The Falcon 9 Full Thrust version hasn’t gone through certification, indeed it has never been launched. Nevertheless, SpaceX lobbyists last year convinced key congressional leaders that their rocket is ready to launch national-security missions.

In other words, the Air Force will be launching on yet another version of the Falcon 9 with an even shorter launch history than the one that just failed. That can be handled with some additional certification work. However, it’s an unnerving prospect for an organization whose primary focus is on mission assurance, not cost.

The Air Force does not like taking a lot of risks with its launches. And with good reason. The satellites it launches are crucial to national security, and many of them are very costly.  That makes any launch accidents doubly expensive.  If the Air Force saves money on a cheaper launch vehicle but it ends up losing a very expensive satellite (or two), exactly what has it gained?

The service has gone through periods during which launch vehicles failed on a regular basis. It decided to revamp its processes to emphasize reliability. The Air Force was closely involved with Boeing and Lockheed Martin when the companies developed the Atlas V and Delta IV boosters.  Those efforts haven’t come cheap, but they have paid off.

It helped that the technology used in the boosters had long histories. The Centaur upper stage is an evolved version of the one that first flew in 1963. Russia’s RD-180 engine, which powers the first stage of the Atlas V, is extremely reliable and can trace its roots back to the 1980’s. Falcon 9 just doesn’t have the same legacy yet.

Despite their reliability, both the Atlas V and Delta IV will be phased out. One reason is competition from SpaceX. Both of ULA’s rockets are too expensive to compete on the commercial market; they are almost totally reliant on military and NASA payloads, for which they now have tough competition. The other reason is the decaying relationship between the United States and Russia, which has made continued use of the RD-180 engine unsustainable.

Instead of developing a new engine for the Atlas V, ULA has elected to develop a brand new launch vehicle called Vulcan. The new rocket won’t be ready for flight until 2019, and it won’t be certified to carry defense payloads until several years after its inaugural launch. This will leave SpaceX with the very type of monopoly the company has criticized ULA for having on military launches.

Lives at Risk

Dragon Version 2. (Credit: SpaceX)

Dragon Version 2. (Credit: SpaceX)

Meanwhile, the stakes are about to be raised even higher for SpaceX on the civilian side. The company is in the final stretch of NASA’s commercial crew program, under which it is set to fly astronauts to the International Space Station within the next two years. This is a much more costly and risky endeavor than cargo; the consequences of failure are much higher.

The employees at SpaceX are acutely aware of this reality. As they watched Falcon 9 break up, they were undoubtedly thinking: this time it was only cargo, but what if this happens when there are astronauts aboard? The accident was a very sober reminder of how much more will soon be at stake.

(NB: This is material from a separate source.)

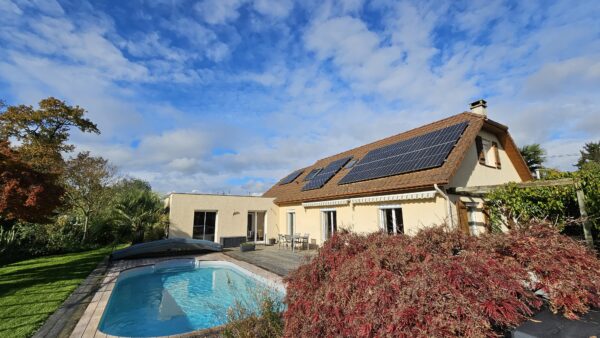Maison 4 Chambres + 1 bureau 178 m² A 7 min de MORLAAS 64160 SOUS COMPROMIS – Image 12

On the plus side, it’s good to have these failures now before crewed flights begin. The company can learn from them and fix what went wrong. On the other hand, there’s not a whole lot of time remaining with a 2017 deadline for crewed flights looming. And what if the rocket has other problems that haven’t surfaced yet?

There was talk after the Falcon 9 accident about whether the Dragon cargo ship could have been saved if it had the abort system planned for human-rated Dragon V2. The general consensus was that the capsule could have been rocketed away and parachuted to safety. However, the discussion misses a key point.

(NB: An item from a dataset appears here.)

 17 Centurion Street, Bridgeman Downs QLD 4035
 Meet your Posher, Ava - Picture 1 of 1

An abort system is like an inflatable aircraft slide: an essential safety feature that you never, ever want to actually use. It’s an option of last resort when all else has failed and there’s no other way to save the lives of the crew.

The ultimate goal is to build a rocket that is so reliable that you never have to use the escape system. SpaceX believes the way to accomplish that goal is through constant innovation, not by the traditional method of flying the same design over and over again.

 The Human Cost

Marlin 1D engines undergoing checks. (Credit: SpaceX)

Marlin 1D engines undergoing checks. (Credit: SpaceX)

There’s another area that SpaceX needs to address as the stakes involving its launches become higher: the use of its workforce.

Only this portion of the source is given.